SEZIONE TERZA CIVILE

Composta dagli Ill.mi Sigg.ri Magistrati:

Dott. TRAVAGLINO Giacomo – Presidente –

Dott. DI FLORIO Antonella – Consigliere –

Dott. VINCENTI Enzo – Consigliere –

Dott. ROSSETTI Marco – rel. Consigliere –

Dott. DELL’UTRI Marco – Consigliere –

ha pronunciato la seguente:

ORDINANZA

sul ricorso n. 29715/19 proposto da:

-) O.H., elettivamente domiciliato a Roma, via Ugo Ojetti n. 114 (c/o avv. Francesco Caputo), difeso dal l’avvocato Vincenzo Maradei, in virtù di procura speciale apposta in calce al ricorso;

– ricorrente –

contro

-) Ministero dell’Interno;

– resistente –

avverso il decreto del Tribunale di Venezia 27 agosto 2019 n. 7012;

udita la relazione della causa svolta nella camera di consiglio del 27 aprile 2021 dal Consigliere relatore Dott. Marco Rossetti.

FATTI DI CAUSA

1. O.H., cittadino *****, chiese alla competente commissione territoriale per il riconoscimento della protezione internazionale, di cui al D.Lgs. 25 gennaio 2008, n. 25, art. 4:

(a) in via principale, il riconoscimento dello status di rifugiato politico, D.Lgs. 19 novembre 2007, n. 251, ex art. 7 e ss.;

(b) in via subordinata, il riconoscimento della “protezione sussidiaria” di cui al D.Lgs. 19 novembre 2007, n. 251, art. 14;

(c) in via ulteriormente subordinata, la concessione del permesso di soggiorno per motivi umanitari, D.Lgs. 25 luglio 1998, n. 286, ex art. 5, comma 6, (nel testo applicabile ratione temporis).
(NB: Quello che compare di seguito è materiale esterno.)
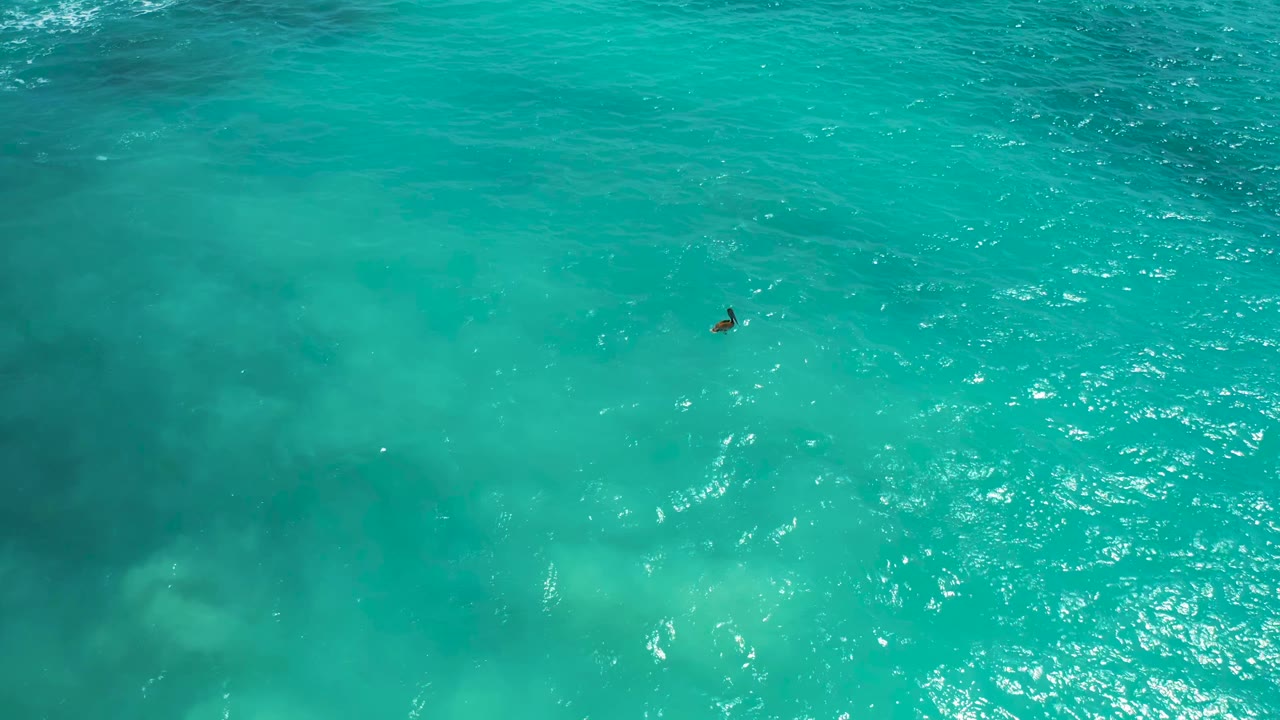 Small swimmer in clear blue-green water with sun sparkle on the right.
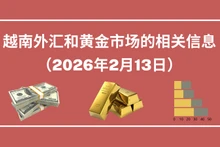 越南外汇和黄金市场的相关信息【图表新闻】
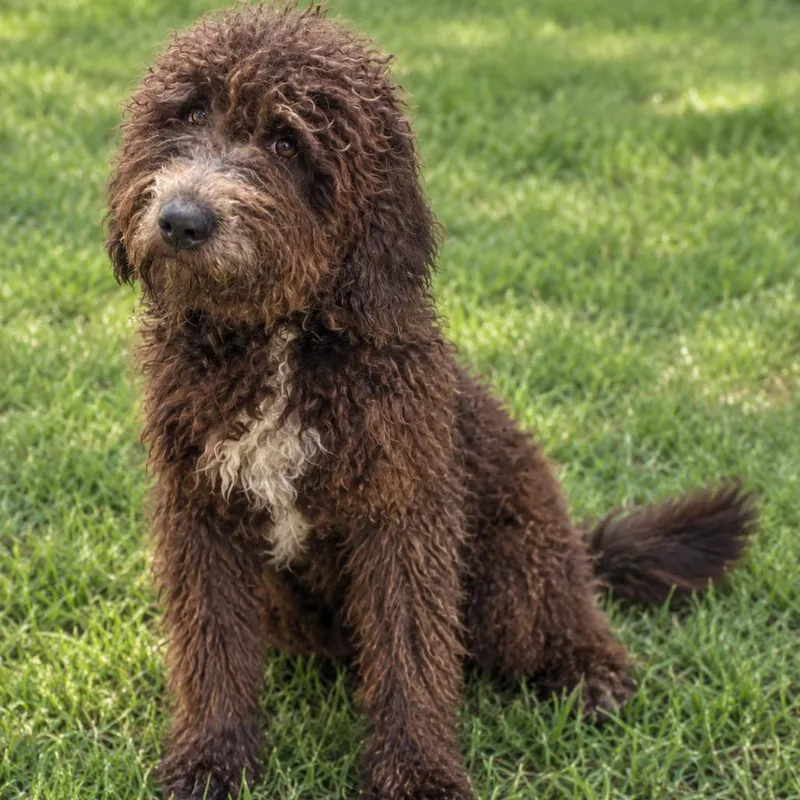 A young large-sized male Black Poodle dog named Sunny for adoption in Boaz, AL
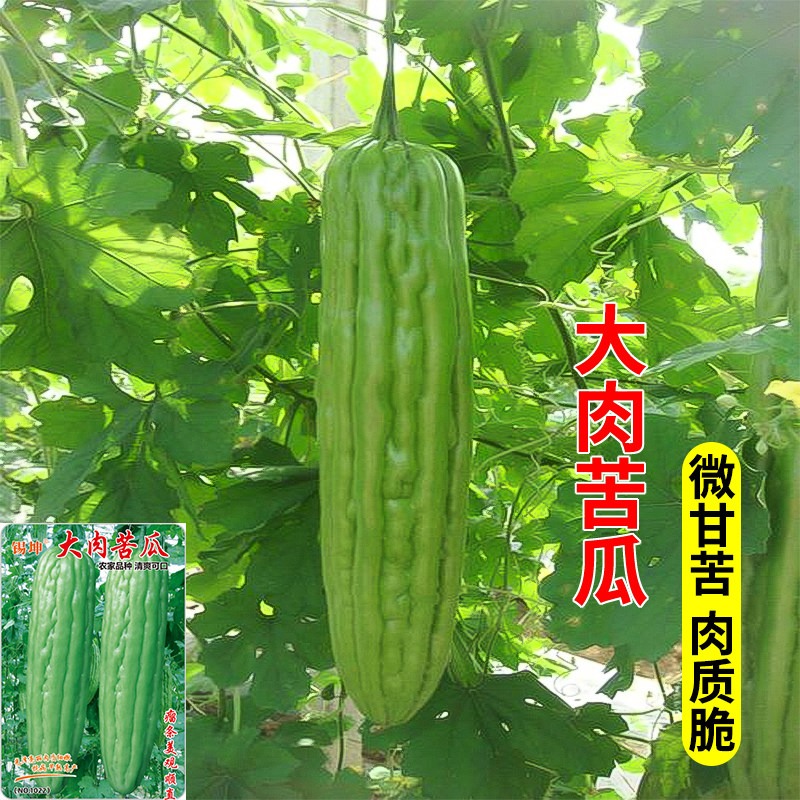 大肉苦瓜苗种子秧苗春秋季播长绿苦瓜籽瓜果高产菜园大田蔬菜种子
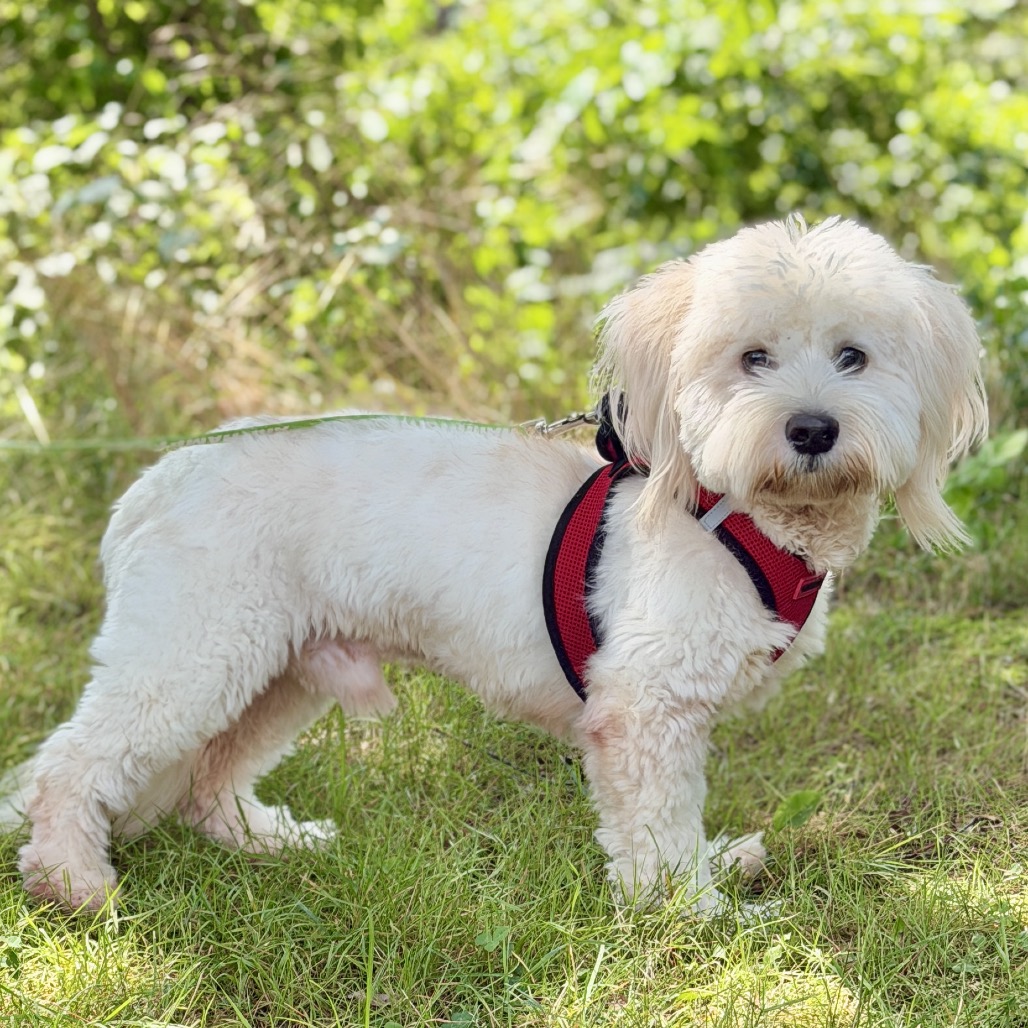 Tang Tang Poodle, Miniature/Mixed Breed (Small) White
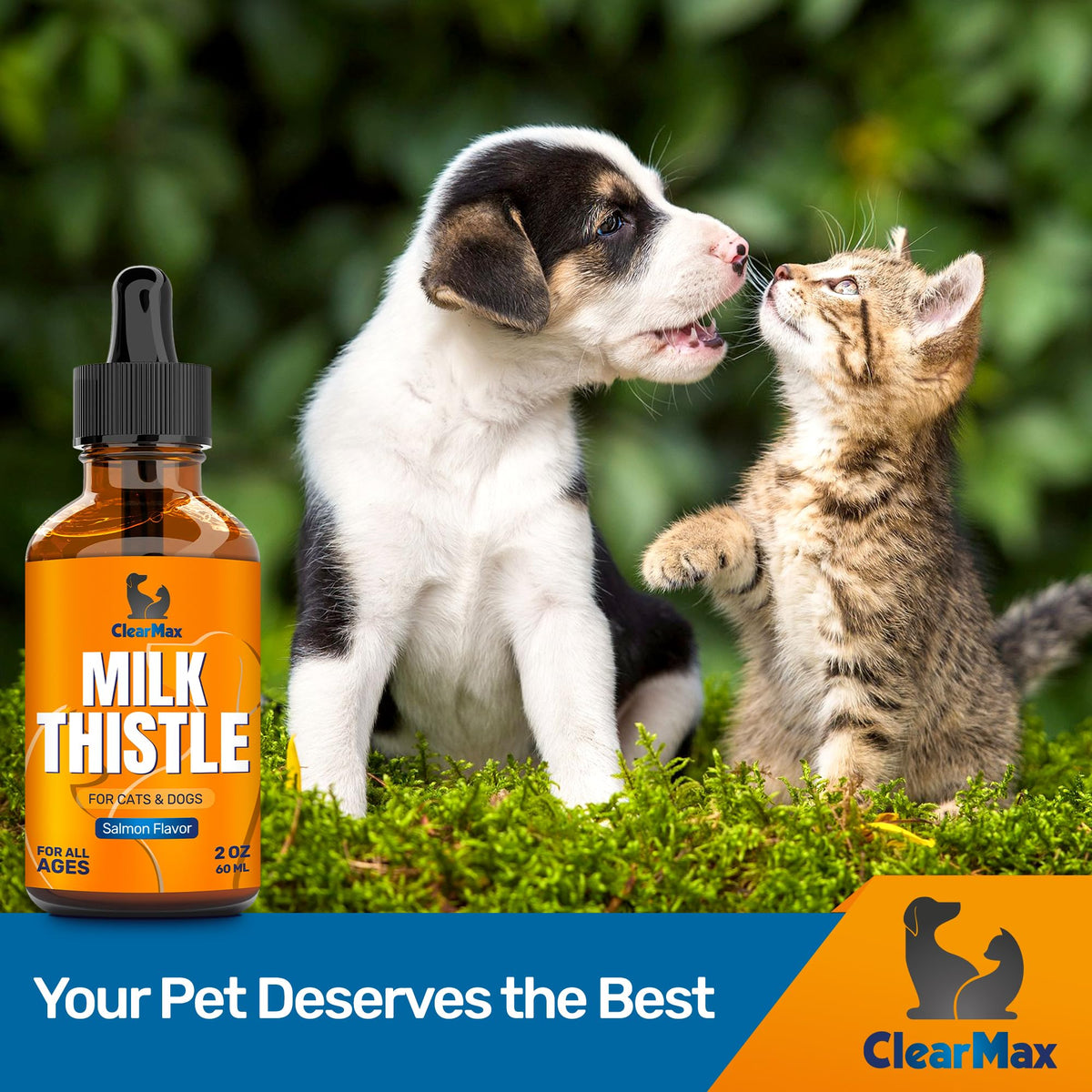 Milk Thistle for Dogs & Cats, 2 Oz W909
A fondamento della domanda dedusse di avere lasciato il proprio Paese per due ragioni: sia per timore di rappresaglie in suo danno da parte degli anziani del proprio villaggio, adirati con lui a causa del suo rifiuto di divenire sacerdote del culto degli idoli; sia a causa della sua omosessualità, prevista e punita come reato dall’ordinamento *****.

La Commissione Territoriale rigettò l’istanza.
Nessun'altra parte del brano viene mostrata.